Compare the after-tax profit of Incentive Stock Options (ISOs) versus Non-Qualified Stock Options (NSOs). See ordinary income tax at exercise, capital gains at sale, and potential AMT exposure on ISOs — so startup employees can plan exercise and sale timing.
After-tax profit & AMT
Both Incentive Stock Options (ISOs) and Non-Qualified Stock Options (NSOs) give you the right to buy company stock at a fixed strike price, but the IRS taxes them very differently — and that difference can be worth thousands at a startup exit.
With an NSO, the spread between the fair market value and your strike price at exercise is taxed immediately as ordinary income (and payroll tax). Any further gain from exercise to sale is a capital gain. With an ISO, there's no regular income tax at exercise — and if you hold the shares more than 1 year after exercise and 2 years after grant (a "qualifying disposition"), your entire profit from strike to sale is taxed at the lower long-term capital gains rate. The catch: the ISO bargain element is an Alternative Minimum Tax (AMT) preference item, which can create a surprise tax bill in the year you exercise even though you haven't sold. A "disqualifying" ISO sale (too early) is taxed like an NSO.

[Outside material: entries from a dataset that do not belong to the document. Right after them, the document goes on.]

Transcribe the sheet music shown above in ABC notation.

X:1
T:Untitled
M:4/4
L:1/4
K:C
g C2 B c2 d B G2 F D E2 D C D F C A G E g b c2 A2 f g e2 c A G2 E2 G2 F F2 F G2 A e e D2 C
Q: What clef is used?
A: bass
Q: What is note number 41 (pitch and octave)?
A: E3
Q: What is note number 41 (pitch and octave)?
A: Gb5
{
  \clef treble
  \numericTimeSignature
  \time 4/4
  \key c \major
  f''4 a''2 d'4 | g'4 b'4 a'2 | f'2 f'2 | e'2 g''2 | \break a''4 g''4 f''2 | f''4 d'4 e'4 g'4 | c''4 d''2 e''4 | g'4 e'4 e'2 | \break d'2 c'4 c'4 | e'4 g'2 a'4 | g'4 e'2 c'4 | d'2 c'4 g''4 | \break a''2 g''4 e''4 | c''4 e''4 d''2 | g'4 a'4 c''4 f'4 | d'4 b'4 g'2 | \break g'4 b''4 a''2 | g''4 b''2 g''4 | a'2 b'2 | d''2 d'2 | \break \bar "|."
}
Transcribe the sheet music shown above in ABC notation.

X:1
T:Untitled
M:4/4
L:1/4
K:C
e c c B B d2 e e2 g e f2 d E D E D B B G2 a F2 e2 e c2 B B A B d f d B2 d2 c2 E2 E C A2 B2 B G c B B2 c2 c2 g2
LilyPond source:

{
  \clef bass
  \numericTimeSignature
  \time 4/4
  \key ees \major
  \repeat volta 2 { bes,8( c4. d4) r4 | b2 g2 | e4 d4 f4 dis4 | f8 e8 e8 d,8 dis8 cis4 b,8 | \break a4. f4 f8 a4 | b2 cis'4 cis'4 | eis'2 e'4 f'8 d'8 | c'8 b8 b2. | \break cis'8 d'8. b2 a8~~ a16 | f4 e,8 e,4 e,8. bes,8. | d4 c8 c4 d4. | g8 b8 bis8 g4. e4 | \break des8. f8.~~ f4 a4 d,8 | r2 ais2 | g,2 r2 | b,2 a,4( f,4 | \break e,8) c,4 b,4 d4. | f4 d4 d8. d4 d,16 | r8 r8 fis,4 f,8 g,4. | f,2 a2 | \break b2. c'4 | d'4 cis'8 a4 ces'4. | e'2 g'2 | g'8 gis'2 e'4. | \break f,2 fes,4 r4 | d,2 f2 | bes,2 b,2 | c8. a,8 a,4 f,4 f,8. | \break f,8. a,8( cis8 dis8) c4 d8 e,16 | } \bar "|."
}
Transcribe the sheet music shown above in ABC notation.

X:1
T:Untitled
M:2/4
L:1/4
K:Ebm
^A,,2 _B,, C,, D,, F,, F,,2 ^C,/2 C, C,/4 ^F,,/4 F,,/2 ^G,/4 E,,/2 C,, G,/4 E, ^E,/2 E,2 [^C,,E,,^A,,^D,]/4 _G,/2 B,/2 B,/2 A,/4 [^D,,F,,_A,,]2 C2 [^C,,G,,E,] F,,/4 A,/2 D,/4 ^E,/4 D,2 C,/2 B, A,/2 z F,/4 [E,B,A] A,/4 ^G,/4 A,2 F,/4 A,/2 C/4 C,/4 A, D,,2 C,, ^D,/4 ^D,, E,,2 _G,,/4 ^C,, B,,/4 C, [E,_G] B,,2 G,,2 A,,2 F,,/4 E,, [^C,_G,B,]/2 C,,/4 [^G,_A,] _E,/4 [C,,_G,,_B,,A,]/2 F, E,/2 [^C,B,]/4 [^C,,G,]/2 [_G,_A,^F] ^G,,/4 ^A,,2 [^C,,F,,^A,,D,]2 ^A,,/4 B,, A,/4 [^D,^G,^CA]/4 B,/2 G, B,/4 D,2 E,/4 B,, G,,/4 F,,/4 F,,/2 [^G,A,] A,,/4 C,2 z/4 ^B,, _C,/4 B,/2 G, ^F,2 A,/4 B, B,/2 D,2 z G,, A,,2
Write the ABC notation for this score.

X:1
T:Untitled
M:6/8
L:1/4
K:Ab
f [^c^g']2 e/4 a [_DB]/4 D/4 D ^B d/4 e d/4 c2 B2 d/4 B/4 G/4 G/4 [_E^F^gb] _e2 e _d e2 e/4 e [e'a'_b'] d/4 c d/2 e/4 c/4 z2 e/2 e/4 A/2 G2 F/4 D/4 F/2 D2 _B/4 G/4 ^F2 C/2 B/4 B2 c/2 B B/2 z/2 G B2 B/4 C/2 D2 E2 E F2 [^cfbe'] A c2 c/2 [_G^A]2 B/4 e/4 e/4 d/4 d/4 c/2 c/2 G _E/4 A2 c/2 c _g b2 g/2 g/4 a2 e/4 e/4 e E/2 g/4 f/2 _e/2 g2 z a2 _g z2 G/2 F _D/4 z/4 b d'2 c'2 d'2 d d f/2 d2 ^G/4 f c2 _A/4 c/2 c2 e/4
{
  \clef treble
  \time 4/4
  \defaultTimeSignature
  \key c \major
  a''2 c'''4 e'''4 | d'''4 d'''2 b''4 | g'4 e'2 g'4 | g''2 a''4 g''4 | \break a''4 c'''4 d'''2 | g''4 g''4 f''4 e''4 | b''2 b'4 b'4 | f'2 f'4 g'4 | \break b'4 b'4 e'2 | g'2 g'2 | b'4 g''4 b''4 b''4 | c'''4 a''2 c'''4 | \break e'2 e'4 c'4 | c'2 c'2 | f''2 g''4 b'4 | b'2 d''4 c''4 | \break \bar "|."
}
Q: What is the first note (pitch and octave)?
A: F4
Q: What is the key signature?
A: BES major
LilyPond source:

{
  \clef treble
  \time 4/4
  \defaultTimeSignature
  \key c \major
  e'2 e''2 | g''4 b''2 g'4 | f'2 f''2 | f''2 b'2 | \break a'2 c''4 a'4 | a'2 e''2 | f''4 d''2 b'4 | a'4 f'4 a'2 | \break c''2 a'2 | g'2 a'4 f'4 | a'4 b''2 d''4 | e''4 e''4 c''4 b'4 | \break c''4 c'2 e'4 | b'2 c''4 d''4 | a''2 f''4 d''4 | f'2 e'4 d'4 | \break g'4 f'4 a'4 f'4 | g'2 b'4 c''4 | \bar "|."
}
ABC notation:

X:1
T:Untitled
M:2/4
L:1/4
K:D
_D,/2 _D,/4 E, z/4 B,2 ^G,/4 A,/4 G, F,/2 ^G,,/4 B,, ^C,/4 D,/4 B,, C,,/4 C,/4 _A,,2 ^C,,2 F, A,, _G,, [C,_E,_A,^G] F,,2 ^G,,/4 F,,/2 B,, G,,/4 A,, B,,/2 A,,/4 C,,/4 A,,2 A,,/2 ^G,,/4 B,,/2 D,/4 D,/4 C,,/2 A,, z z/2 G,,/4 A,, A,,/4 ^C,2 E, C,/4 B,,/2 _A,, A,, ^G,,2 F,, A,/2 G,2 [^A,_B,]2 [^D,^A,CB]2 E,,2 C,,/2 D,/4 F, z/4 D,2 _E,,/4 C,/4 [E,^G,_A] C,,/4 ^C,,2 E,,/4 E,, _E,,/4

Qualifying ISOs tax the whole gain at long-term capital gains rates — potentially the lowest total tax.
The ISO spread at exercise is an AMT preference — you can owe tax before selling a single share.
1 year after exercise + 2 years after grant turns an ISO sale into a low-taxed qualifying disposition.
NSOs are simpler — ordinary tax on the spread at exercise, capital gains on the rest. No AMT.
Equity is a huge part of startup pay in the United States, yet the tax rules trip up thousands of employees every year — which is why "ISO vs NSO," "stock option tax calculator," and "AMT on ISO exercise" are heavily searched. Incentive Stock Options (ISOs) and Non-Qualified Stock Options (NSOs) are taxed very differently, and the gap can be worth tens of thousands at an acquisition or IPO. This calculator compares the after-tax profit of each, including the dreaded Alternative Minimum Tax on ISOs.
Hold ISO shares more than one year after exercise and two years after grant and your entire gain is taxed at low long-term capital gains rates — but exercising and holding can trigger AMT in that year before you have sold anything. NSOs avoid AMT but tax the spread as ordinary income at exercise. Model both to plan your exercise and sale timing.
An early employee has 10,000 options at a $1 strike, $6 FMV at exercise, sold at $15. Held long enough for a qualifying ISO disposition, the entire $140,000 gain is taxed at long-term rates — but exercising and holding triggers an AMT preference on the $50,000 spread. As NSOs, the $5/share spread is ordinary income at exercise. The calculator shows which nets more.
U.S. startup employees, executives, and equity holders deciding when to exercise and sell incentive (ISO) or non-qualified (NSO) stock options, and anyone estimating Alternative Minimum Tax exposure.